There are few tastier cuts of beef than Picanha cooked on a rotisserie over an open fire.
Also known as tri tip or rump cap, its a cut frequently associated with churrasco style cooking. Churrasco is a Portuguese term for grilling meat, and can often be found in Brazilian cuisine.
A triangular cut positioned at the top of the rump part of the cow, it’s surrounded by a thick layer of fat, which helps retain flavour through the cooking process.
Cooking on the rotisserie will enhance the flavour, ensuring an even cook and also helping to retain the fat thus keeping more of the flavour. If you don’t have access to a good rotisserie, you can still achieve great results on the grill.

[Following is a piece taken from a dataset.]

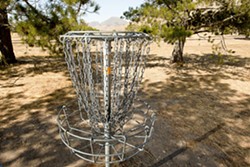 SLIP A DISC :  The SLO Throwers, a local disc-golf club, has been instrumental in setting up disc golf courses around San Luis Obispo County, including this one at Laguna Lake, - PHOTO BY STEVE E. MILLER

Just add salt, nothing more. Keep it simple. Pepper may burn if you’re cooking it over a really hot temperature. The flavour of this magnificent cut will be enough, no need to add any additional flavourings.
Picanha joints are readily available from good butchers in the UK. We sourced ours from our good friend James at http://www.jl-butchers.co.uk, a great online butcher where you can find a variety of different cuts from quality rare and traditional breeds.
1.3kg – 1.5kg whole picanha joint
Plenty of rock salt
Prepare the meat, it’s pretty simple and takes no time at all. Take the beef out of the fridge and leave at room temperature for 15 minutes or so. Trim off any membrane left on the meat side. On the fat side, you want to keep a good solid layer of fat, around half an inch.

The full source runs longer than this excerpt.